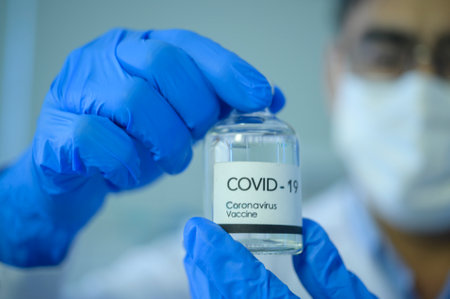 A scientist holding liquid chemical tube in laboratory, Science and technology healthcare conceptの写真素材
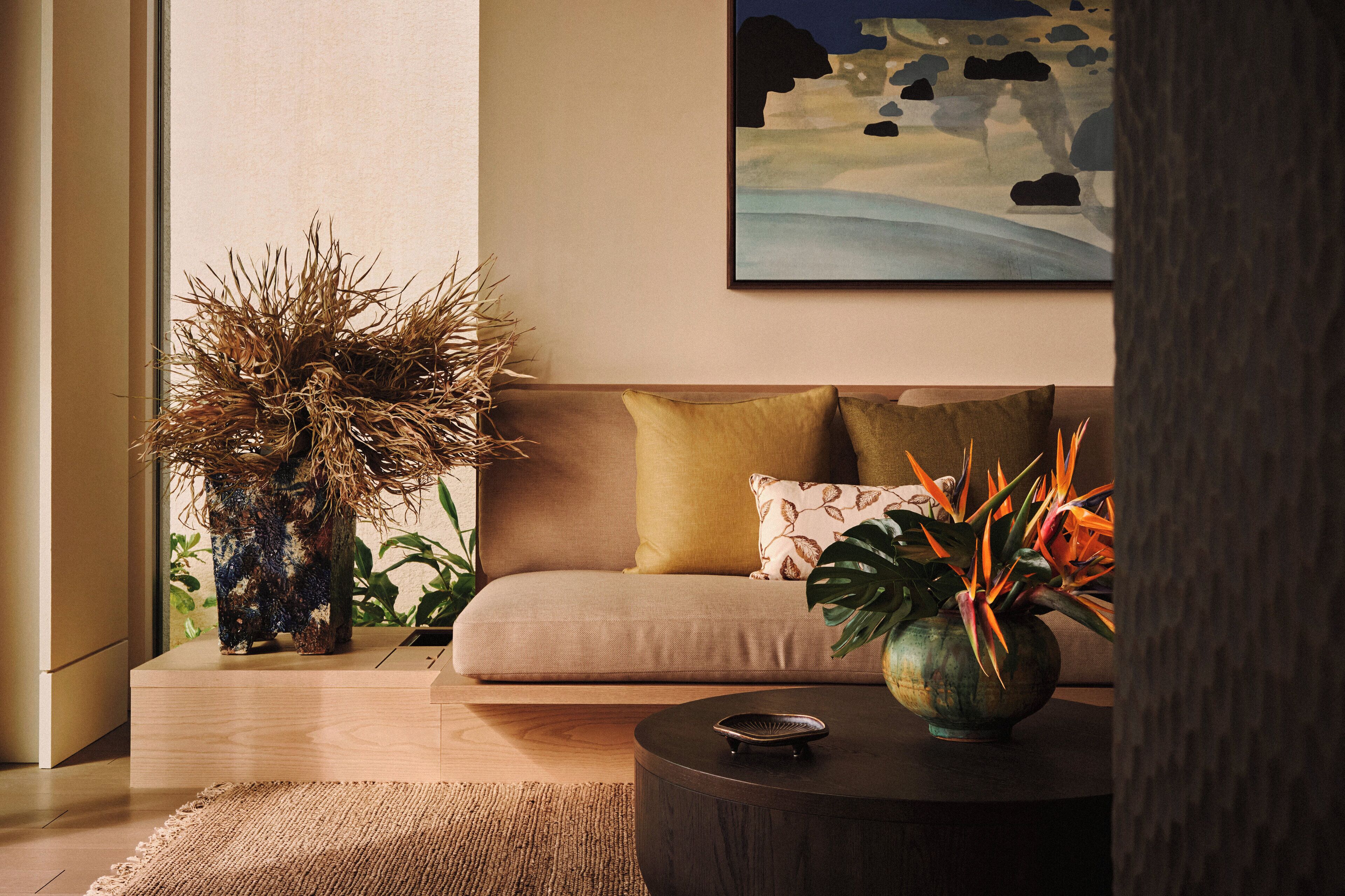 A modern living room with a sofa, a round coffee table, and decorative plants.
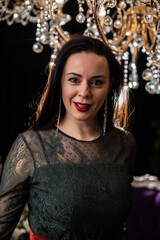Brunette in a dark dress on the background of a chandelier
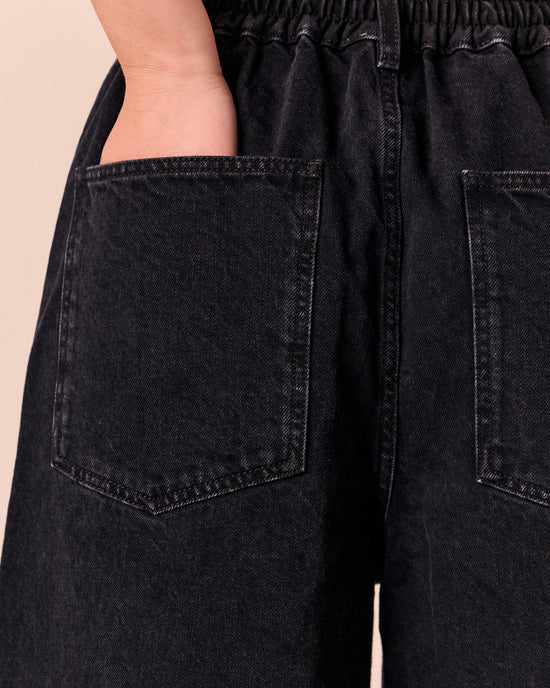 model wears tavi washed black denim jeans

· · · · ·

◆ What is required: Output the data exactly as it is, with the pictures dropped.

◆ Your solution:
 A scientist holding liquid chemical tube in laboratory, Science and technology healthcare conceptの写真素材
 A modern living room with a sofa, a round coffee table, and decorative plants.
Brunette in a dark dress on the background of a chandelier
 model wears tavi washed black denim jeans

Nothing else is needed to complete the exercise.